The woman who shows up at Paul’s door is labeled “The Visitor” in the credits, giving her a semi-supernatural connotation, although she is clearly flesh and blood, shivering and dripping wet. Jordan Cowan’s Visitor is mercurial, confusing, flickering with impulses and responses, some recognizable, others not so much. Paul lives in a dingy trailer in what appears to be the middle of nowhere. How this barefoot woman even got to him at such a late hour is not explained. Her story—she fell asleep on the beach and was walking “home”—doesn’t make sense. When she tells the story again, details change. She is clearly lying. Paul is first seen alone, a stolid mass of a man, soggy with feeling (although what he’s feeling is harder to name), sitting at his tiny table, listening to the storm scream against the thin walls. Something is very very wrong even before the Visitor shows up.

The woman’s overall demeanor is inconsistent with her circumstances. She tries to put a brave face on things. She asks if he can give her a lift into town. He keeps telling her they’ll have to wait until the storm passes. He suggests she allows her clothes to dry, he makes some tea, he suggests a hot shower, he makes her some soup. The shadows are so dark, the storm is so loud, the creaks and drips and howls in the air make ordinary kindness seem sinister. What’s he up to? But everything is so unstable you wonder what she is up to as well. He talks a lot, but it’s not small-talk. He moves like he’s underwater, and his thoughts are equally slow and deliberate. He drones on about fear and paranoia, sleep vs. no sleep, and she listens, sometimes alert to red flags of potential danger, but sometimes getting sucked into his rhythms. The Visitor is strangely comfortable in this eerie environment, peering at the objects and trinkets he has lying around, openly snooping. The shadows are thick and impenetrable, even more so when the power goes out.

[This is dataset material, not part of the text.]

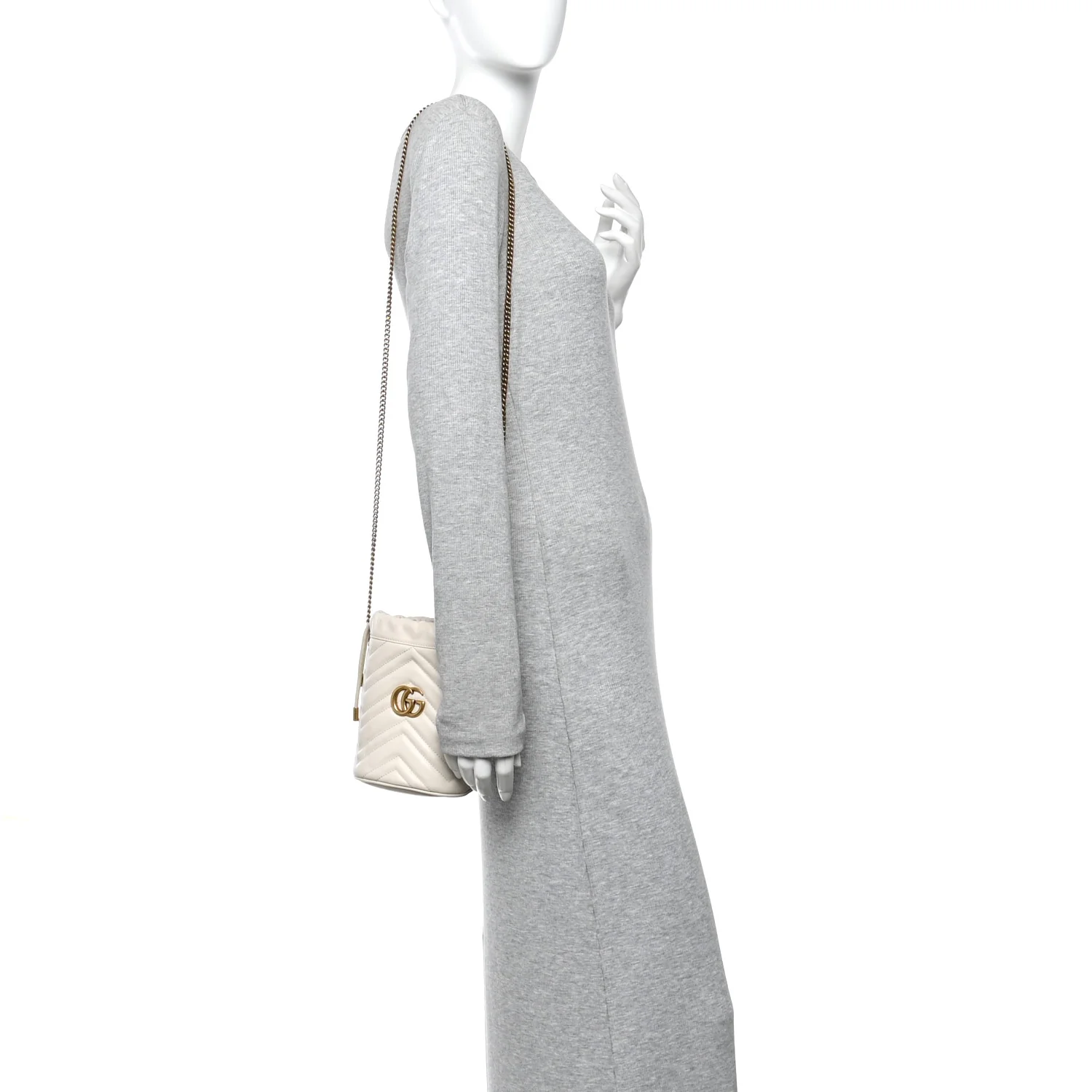 Calfskin Matelasse Mini GG Marmont 2.0 Bucket Bag White - Image 2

Bell wrote the extraordinary screenplay. There are only two characters in the film, and there’s a lot of dialogue. Paul is caught up in his own dark insomniac imaginings, terror at what might be outside trying to get in. There’s something hypnotic about his voice. The Visitor listens with her nerve endings. She wants to leave. But she stays.

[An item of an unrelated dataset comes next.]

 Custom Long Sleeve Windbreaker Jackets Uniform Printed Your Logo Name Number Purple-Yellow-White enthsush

The pace is slow, and the sound design is oppressive: the howls of wind, the dripping, groaning pipes, floors and chairs creaking, all of which sometimes sound like human voices in agony. Maxx Corkindale’s cinematography, combined with the set design, is a moody gloomy masterpiece. The color scheme is so controlled—rusts and dingy golds interrupted by patches of pitch blackness—that when other colors arrive—fluorescent blues, silvers, greys—it’s as alarming as a gun shot. There are times when the storm is so intense it pounds against the ceiling and walls like a wild animal. Paul and the Visitor glance up at the ceiling, alarmed. They both seem to be in danger. In the world of “You’ll Never Find Me,” this may very well be true.